In addition, Ali et al. provide a thorough exploration of the many open data platforms available today. Their review focuses on the prevailing technologies and functionalities that make robust data sharing possible, highlighting the necessity of a strong technological backbone to support accessible, interoperable, and secure data environments [4]. Complementing this technological focus, Sinhababu et al. discuss practical solutions for building digital repositories. By leveraging open-source software like Invenio within a SaaS model (as seen in Zenodo), they illustrate innovative approaches for archiving and disseminating data in a scalable manner [20].

Standardization also plays a key role. Kučera et al. emphasize that reliable and consistent data publication practices are essential. Their discussion of methodologies and best practices illustrates how standardized approaches can greatly enhance data usability and trustworthiness [21].

Finally, Ayre and Craner remind us that the societal benefits of open data extend well beyond technical and educational realms. They stress that easy access to well-organized data not only fosters transparency and accountability in public institutions but also encourages civic involvement and sparks social innovation [22].

Together, these studies reveal a multi-dimensional picture of open data. They show that while the technical foundations—such as platform design and standardization—are crucial, the real power of open data lies in their ability to bridge knowledge gaps, empower communities, and drive meaningful changes across society.

2.3. Studies That Aim to Automatically Provide Data in Open Format in Urban Science

Recent research in urban science shows that open data are becoming a game-changer for understanding and managing our cities. For example, Angelis et al. [23] put together comprehensive air quality datasets from various European cities. Their work demonstrates how pooling accessible data helps highlight pollution trends and guides precise environmental actions.

Similarly, the SmartAirQ framework by Kaginalkar et al. [24] illustrates how a big data governance model can be applied in smart cities.
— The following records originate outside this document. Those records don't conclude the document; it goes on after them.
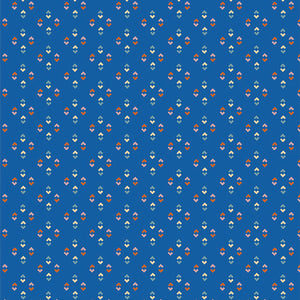 Minimo Lucy Sapphire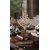 Nanchuxiansheng Dekorativna figura Cvet sa ametistom, Šarena
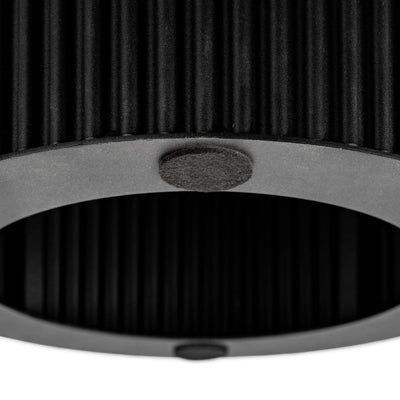 Colonna della tabella ROUND WAVY
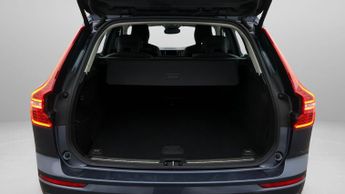 Volvo XC60 B5 CORE AWD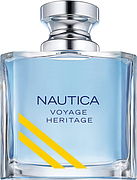 Nautica Voyage Heritage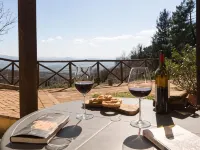 Country House il Ciliegio Hotel di Roccatederighi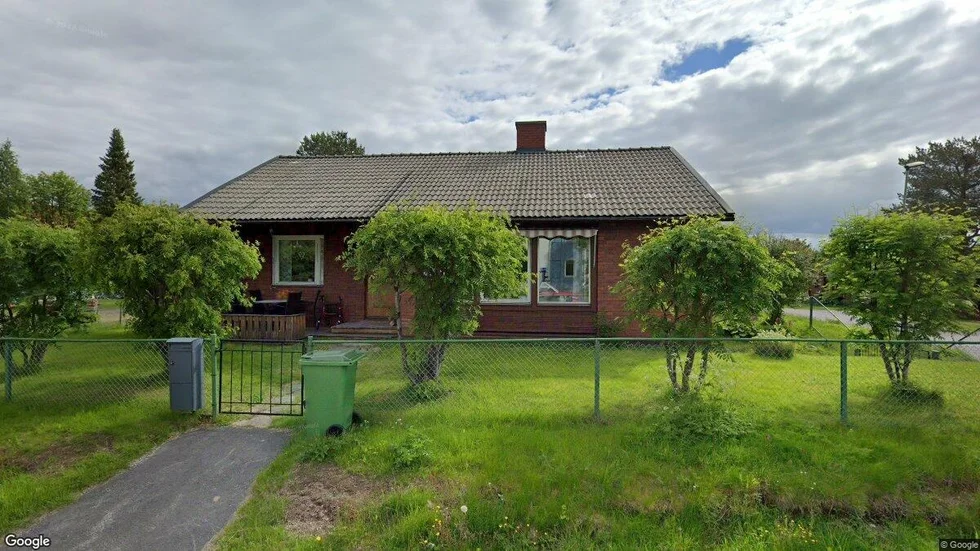 Garvaregatan 9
By incorporating real-time data from multiple sensors, this system provides crucial insights that help urban managers monitor air quality and devise strategies to safeguard public health.

Citizen science also plays a significant role in this field [25]. Roman et al. [26] explored various community-led projects aimed at tracking pollution levels. Their analysis reveals that when citizens contribute data, it not only democratizes environmental monitoring but also strengthens scientific efforts to address urban pollution challenges. In a related study, Fayomi and Onyari [27] carried out on-site analyses that connect residents’ perceptions of pollution with measurable health outcomes, thereby linking everyday experiences with concrete environmental data.
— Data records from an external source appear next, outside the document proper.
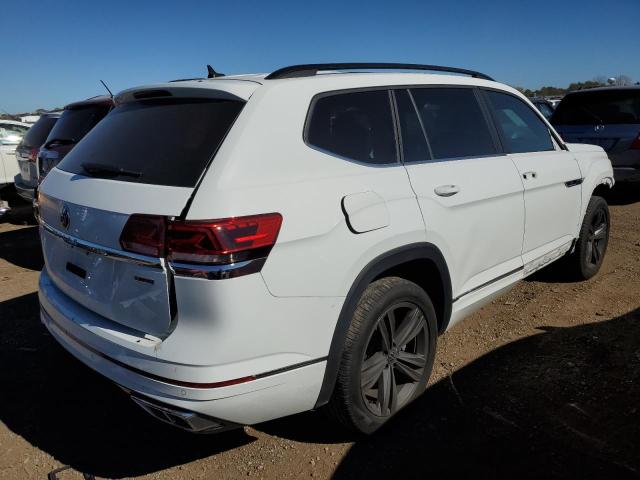 Photo 2 VIN: 1V2RR2CA7MC525637 - VOLKSWAGEN ATLAS SE 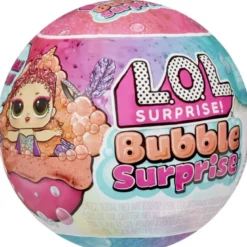L.O.L. Surprise Bubble Surprise Docka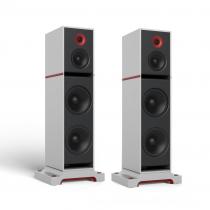 Alumine FIVE SX Light Grey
The integration of advanced technologies further enhances these efforts. Kaginalkar et al. [28] reviewed the potential of combining IoT, AI, and cloud solutions to revolutionize urban air quality management. Their findings suggest that these technologies can significantly improve traditional monitoring techniques. Meanwhile, Tsagkis et al. [29] used artificial neural networks to study urban growth in five Greek cities. Their work underscores how machine learning, driven by open data, can effectively track and predict patterns of city expansion.

In addition, advances in data fusion are paving the way for even more comprehensive urban analysis. Liu et al. [30] examined various algorithms that merge data from different sources, offering new tools for optimizing urban planning and real estate management. Complementing this, Fadhel et al. [31] provided a systematic review of information fusion methods, highlighting how synthesizing diverse open data streams is critical for developing innovative solutions in smart cities.

The decision to structure the literature review around three specific domains—studies on indoor air quality in private urban homes, research based on open data, and studies aiming to automatically provide data in open formats—stems from their direct relevance to the overarching objective of this paper: contributing to the understanding and improvement of quality of life in inner urban environments through open data publication. Indoor air quality in private homes is a fundamental component of urban well-being, yet it remains insufficiently monitored and integrated into broader urban data systems. Open data research, on the other hand, offers the methodological foundation for ensuring the transparency, interoperability, and reusability of environmental data. Finally, the integration of automated data pipelines capable of publishing information in real-time and standardized formats addresses the practical challenges of scaling and sustaining such initiatives in the urban context. Together, these domains form the conceptual and technical basis upon which the current study builds its contribution to urban science.

Together, these studies paint a picture of open data as a vital resource in urban science. They reveal that when data are made widely accessible and integrated with modern analytical techniques, they pave the way for more sustainable, efficient, and resilient urban environments, empowering both policymakers and communities to drive meaningful change.

3. AirQ Platform Architecture

The AirQ platform is an IoT platform for indoor air quality monitoring hosted in the datacenter of the Faculty of Automatic Control and Computers, National University of Science and Technology Politehnica Bucharest. The platform is used to carry out several research projects related to studying air quality in private spaces within the perimeter of the city of Bucharest, Romania. The operation of this platform over a period of over three years led to the need for the study presented in this paper. The data from the experimental measurements performed with over 100 IoT sensors led to the accumulation of over 10 GB of data that could not be managed satisfactorily within the IoT platform. This study presents the original solution for the archiving and initial processing of data within the AirQ platform designed for the research activities carried out. The open publication of archived data on the Zenodo platform is part of a broader approach for the collaboration and support of scientific research in the fields of urban science, smart buildings, and smart cities. The presentation of the AirQ architecture is the first step in presenting the original solution proposed in this study.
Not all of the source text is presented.